La petite France et le grand Protée, interprétés respectivement par Cécile Ducasse et Isaac de Bankolé 
Photo: MK2 et La Sept La petite France et le grand Protée, interprétés respectivement par Cécile Ducasse et Isaac de Bankolé 

La série A posteriori le cinéma se veut une occasion de célébrer le 7e art en revisitant des titres phares qui fêtent d’importants anniversaires.

Sur une route camerounaise, une jeune voyageuse française, qui se prénomme justement France, est prise en stop. Et le paysage qui défile… Et France qui se remémore… C’était en 1957, alors qu’elle n’était qu’une enfant, que son père venait d’être nommé commandant de colonie à Mindif, et que sa mère se languissait de l’Europe. À leur service, il y avait cet homme, Protée, intelligent, fascinant, avec qui la petite France tissa un lien privilégié. Dévoilé en compétition officielle à Cannes il y a 35 ans, en mai 1988, Chocolat, le tout premier film de Claire Denis, signala d’emblée au monde celle qui compte à présent parmi les cinéastes les plus respectés de la profession.

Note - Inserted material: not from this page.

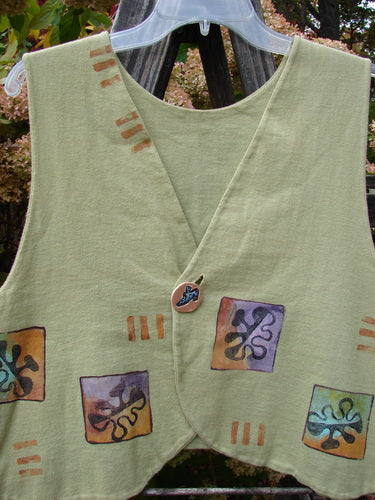 1997 Troubadour Vest with Button, Blue Fish Gal Mellon Size 1: Organic cotton vest featuring a deep V neckline, rounded front hemline, and abstract fish gal theme paint.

Comme le père de France, celui de Claire Denis fut fonctionnaire colonial. Tout en insistant sur le fait que Chocolat n’est pas autobiographique, la réalisatrice a admis, par bribes, que le film s’inspire de ce qu’elle a vu et connu dans sa jeunesse.

À la revue Mouvements, elle précise en mars 2023 : « J’ai grandi en Afrique. J’ai voyagé avec mes parents dans des pays qui sortaient de la colonisation. J’ai vécu l’indépendance du Cameroun notamment… »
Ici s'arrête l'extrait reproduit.